Pendant ce temps, le capitaine et ses hommes amenèrent une troisième embarcation dans laquelle ils mirent des bouées de sauvetage et des provisions. Ils avaient tout loisir de voir ce que faisaient les Allemands, mais s’ils s’approchaient d’eux, ceux-ci les faisaient reculer en montrant leurs revolvers. Les bombes furent affalées avec des bouts pour ne pas détériorer la mêche qui aboutit au détonateur. Ayant embarqué le butin, l’un des marins allemands arma le détonateur et s’adressant en français au capitaine lui dit :
« - Nous avons cinq minutes pour quitter le bateau avant l’explosion. »
Le détonateur, en explosant fit un bruit analogue à la détonation d’un moteur de motocyclette et les bombes explosèrent avec une forte détonation. Le CANNEBIERE coula en trois minutes. Il était 11h00.
La mer se faisant de plus en plus grosse et la brise tournant au coup de vent, le commandant allemand s’adressa à l’équipage français et dit :
« - Prenez la remorque. Je vais vous remorquer jusqu’aux chalutiers qui patrouillent. »
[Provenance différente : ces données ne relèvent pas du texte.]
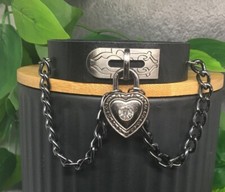 Punk Goth Bracelet Black Leather Spike Rivet Metal Studded Wristband A2352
C’est ainsi qu’il les remorqua pendant plusieurs heures, faisant route au 022 sur Bishop Rock. Le vent soufflant de sud en fortes rafales, les embarcations étaient remplies d’eau sous l’effet des paquets de mer. Vers 17h00, ils arrivèrent en vue de deux chalutiers anglais.
Pour attirer leur attention, le sous-marin fit les signaux suivants :
- il arbora un pavillon rouge
- il hissa les couleurs françaises
- enfin, avec un pistolet à signaux, il lança deux fusées bleues et trois fusées rouges.
Voyant ces signaux, les chalutiers mirent le cap sur eux. Le sous-marin largua alors la remorque, plongea et disparut.
Les deux chalutiers étaient les patrouilleurs TYNE et CYMERIS. Ils recueillirent les naufragés en leur disant qu’ils avaient failli leur tirer dessus, les ayant pris pour deux sous-marins. Ils rentrèrent alors sur Plymouth où ils déposèrent les naufragés le 26 Octobre à 08h00.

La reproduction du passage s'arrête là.